⟨

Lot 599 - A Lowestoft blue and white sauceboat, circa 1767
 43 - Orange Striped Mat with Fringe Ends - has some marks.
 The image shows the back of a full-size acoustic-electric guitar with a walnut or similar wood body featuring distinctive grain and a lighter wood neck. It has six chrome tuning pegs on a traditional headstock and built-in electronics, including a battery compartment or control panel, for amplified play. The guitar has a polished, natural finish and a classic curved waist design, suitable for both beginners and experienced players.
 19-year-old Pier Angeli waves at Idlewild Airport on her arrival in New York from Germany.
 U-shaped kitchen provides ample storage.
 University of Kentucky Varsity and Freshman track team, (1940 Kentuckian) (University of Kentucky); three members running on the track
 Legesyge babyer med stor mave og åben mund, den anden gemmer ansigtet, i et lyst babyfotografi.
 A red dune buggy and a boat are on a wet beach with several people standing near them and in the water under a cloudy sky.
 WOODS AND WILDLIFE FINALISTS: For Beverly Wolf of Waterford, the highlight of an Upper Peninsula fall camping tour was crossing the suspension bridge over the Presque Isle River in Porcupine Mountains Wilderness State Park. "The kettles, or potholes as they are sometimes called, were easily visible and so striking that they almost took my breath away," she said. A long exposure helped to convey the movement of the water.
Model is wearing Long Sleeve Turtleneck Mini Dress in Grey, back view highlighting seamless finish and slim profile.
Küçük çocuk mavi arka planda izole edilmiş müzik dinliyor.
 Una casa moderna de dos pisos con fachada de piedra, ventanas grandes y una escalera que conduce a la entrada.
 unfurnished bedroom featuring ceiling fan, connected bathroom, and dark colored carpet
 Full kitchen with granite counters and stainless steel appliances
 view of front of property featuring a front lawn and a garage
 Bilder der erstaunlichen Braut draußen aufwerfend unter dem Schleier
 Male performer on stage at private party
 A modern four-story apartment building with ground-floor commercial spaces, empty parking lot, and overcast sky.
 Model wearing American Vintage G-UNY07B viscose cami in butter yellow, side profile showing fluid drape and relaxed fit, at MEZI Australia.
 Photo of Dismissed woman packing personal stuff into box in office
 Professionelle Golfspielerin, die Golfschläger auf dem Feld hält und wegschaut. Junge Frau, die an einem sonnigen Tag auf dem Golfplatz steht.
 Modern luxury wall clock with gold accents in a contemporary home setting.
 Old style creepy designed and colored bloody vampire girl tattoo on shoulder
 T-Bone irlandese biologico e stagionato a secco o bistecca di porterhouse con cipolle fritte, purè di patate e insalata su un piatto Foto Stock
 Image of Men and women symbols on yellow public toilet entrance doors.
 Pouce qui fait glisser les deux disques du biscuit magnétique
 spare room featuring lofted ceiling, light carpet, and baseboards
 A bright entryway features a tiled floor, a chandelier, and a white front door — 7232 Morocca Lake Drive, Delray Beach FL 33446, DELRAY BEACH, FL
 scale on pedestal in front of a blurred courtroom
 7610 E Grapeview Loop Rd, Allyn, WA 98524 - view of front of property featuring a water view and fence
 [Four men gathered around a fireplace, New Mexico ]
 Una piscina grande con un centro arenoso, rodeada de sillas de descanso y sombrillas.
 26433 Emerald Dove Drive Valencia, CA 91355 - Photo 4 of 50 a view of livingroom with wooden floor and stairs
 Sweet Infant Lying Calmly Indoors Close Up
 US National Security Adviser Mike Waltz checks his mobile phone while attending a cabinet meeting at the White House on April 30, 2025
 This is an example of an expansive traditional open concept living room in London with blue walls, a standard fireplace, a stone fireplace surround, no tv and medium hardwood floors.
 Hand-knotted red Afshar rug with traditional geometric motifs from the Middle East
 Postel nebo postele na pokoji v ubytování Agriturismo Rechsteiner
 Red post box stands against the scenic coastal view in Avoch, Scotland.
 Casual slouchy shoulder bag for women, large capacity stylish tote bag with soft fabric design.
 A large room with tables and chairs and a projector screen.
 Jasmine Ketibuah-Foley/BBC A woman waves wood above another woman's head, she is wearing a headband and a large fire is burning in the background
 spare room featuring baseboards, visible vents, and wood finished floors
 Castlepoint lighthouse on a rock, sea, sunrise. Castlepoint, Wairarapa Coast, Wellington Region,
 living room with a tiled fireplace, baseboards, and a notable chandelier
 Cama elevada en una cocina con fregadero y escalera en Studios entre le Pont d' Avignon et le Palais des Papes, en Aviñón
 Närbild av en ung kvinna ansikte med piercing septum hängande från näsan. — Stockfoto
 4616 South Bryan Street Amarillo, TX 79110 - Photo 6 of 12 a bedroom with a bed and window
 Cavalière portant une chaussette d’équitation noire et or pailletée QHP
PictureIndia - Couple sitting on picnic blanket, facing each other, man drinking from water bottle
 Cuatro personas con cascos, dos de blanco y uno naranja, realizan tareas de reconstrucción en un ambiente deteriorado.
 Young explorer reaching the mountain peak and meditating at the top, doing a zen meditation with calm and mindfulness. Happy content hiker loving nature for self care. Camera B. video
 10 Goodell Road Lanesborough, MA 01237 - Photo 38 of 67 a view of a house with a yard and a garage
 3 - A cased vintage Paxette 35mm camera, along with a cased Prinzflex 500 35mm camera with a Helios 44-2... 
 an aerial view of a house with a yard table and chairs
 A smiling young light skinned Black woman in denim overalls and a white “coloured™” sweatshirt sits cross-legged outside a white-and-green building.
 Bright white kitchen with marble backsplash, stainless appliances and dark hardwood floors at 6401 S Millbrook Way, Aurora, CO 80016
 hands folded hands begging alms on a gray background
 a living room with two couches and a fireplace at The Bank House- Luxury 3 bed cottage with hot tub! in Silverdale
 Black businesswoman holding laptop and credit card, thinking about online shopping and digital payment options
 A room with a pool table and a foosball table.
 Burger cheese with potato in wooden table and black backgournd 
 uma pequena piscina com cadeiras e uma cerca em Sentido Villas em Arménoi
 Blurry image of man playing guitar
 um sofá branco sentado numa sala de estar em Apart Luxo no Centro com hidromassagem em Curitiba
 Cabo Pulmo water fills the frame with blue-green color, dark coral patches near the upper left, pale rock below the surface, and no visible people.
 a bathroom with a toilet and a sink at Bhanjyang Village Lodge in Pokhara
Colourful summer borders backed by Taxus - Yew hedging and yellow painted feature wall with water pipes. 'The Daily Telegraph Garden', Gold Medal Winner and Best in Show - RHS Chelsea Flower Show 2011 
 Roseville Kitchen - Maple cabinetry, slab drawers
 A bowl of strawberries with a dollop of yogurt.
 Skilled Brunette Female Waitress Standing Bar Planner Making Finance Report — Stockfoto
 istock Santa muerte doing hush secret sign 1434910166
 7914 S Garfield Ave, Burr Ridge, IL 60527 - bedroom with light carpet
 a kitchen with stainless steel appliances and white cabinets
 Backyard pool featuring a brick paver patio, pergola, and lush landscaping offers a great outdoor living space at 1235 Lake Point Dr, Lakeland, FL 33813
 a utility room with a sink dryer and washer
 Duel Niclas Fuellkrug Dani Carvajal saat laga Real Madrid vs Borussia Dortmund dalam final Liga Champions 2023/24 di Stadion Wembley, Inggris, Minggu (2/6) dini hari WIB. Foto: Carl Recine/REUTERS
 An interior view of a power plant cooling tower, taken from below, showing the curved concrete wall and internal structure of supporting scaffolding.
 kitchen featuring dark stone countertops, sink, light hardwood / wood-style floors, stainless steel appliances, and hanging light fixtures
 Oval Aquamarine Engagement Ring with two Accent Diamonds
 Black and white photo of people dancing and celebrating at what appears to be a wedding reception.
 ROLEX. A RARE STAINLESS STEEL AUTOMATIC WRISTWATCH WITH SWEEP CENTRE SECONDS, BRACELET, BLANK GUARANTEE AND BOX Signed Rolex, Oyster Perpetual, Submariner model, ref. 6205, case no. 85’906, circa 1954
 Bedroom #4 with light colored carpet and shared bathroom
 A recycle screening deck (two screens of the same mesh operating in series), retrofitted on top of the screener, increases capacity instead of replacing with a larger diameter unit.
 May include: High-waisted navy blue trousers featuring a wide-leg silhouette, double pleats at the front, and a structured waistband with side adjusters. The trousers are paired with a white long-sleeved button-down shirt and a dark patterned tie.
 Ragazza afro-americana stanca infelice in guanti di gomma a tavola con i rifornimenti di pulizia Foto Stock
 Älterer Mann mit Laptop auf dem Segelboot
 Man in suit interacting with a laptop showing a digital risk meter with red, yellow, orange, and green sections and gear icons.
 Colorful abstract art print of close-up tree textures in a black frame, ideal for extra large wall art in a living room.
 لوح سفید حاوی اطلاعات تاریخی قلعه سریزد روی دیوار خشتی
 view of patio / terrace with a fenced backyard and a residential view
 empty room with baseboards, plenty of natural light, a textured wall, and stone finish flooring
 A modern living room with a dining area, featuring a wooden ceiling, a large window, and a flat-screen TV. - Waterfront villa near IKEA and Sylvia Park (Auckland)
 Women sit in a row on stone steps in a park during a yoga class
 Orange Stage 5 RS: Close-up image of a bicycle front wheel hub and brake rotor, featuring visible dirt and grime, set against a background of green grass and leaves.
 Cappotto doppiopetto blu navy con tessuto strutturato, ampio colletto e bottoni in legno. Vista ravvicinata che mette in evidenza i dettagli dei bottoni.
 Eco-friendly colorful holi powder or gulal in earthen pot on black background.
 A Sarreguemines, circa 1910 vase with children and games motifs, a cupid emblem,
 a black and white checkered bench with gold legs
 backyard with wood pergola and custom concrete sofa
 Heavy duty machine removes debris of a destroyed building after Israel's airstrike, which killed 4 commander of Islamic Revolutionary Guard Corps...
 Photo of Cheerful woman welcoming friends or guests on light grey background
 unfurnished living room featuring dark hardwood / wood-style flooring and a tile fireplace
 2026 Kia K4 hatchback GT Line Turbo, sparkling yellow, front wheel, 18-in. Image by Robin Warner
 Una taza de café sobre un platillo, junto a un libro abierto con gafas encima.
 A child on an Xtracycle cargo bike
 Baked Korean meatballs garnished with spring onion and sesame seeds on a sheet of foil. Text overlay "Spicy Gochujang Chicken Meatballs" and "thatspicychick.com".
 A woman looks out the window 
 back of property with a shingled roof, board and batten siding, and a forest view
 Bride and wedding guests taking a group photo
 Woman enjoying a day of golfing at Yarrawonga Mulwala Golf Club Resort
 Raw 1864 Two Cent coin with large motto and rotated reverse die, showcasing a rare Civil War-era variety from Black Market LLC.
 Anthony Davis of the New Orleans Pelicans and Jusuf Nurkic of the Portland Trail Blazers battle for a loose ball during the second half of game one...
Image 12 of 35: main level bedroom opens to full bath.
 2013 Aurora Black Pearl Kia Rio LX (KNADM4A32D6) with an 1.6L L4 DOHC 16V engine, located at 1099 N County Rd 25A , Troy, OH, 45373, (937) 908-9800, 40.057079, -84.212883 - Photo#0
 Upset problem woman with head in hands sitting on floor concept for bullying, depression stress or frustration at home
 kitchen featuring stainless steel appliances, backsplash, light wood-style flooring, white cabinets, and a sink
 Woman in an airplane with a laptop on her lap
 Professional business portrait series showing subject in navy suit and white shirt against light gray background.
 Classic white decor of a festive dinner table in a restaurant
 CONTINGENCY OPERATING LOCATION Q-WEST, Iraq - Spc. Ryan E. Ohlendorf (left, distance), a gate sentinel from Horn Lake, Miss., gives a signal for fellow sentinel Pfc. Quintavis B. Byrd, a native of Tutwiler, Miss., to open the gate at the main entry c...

⟩

# [Task description]
Write out the listing exactly from its first line to the line containing "A red dune buggy". Both of those lines belong in the answer.

# [Response area]
Lot 599 - A Lowestoft blue and white sauceboat, circa 1767
 43 - Orange Striped Mat with Fringe Ends - has some marks.
 The image shows the back of a full-size acoustic-electric guitar with a walnut or similar wood body featuring distinctive grain and a lighter wood neck. It has six chrome tuning pegs on a traditional headstock and built-in electronics, including a battery compartment or control panel, for amplified play. The guitar has a polished, natural finish and a classic curved waist design, suitable for both beginners and experienced players.
 19-year-old Pier Angeli waves at Idlewild Airport on her arrival in New York from Germany.
 U-shaped kitchen provides ample storage.
 University of Kentucky Varsity and Freshman track team, (1940 Kentuckian) (University of Kentucky); three members running on the track
 Legesyge babyer med stor mave og åben mund, den anden gemmer ansigtet, i et lyst babyfotografi.
 A red dune buggy and a boat are on a wet beach with several people standing near them and in the water under a cloudy sky.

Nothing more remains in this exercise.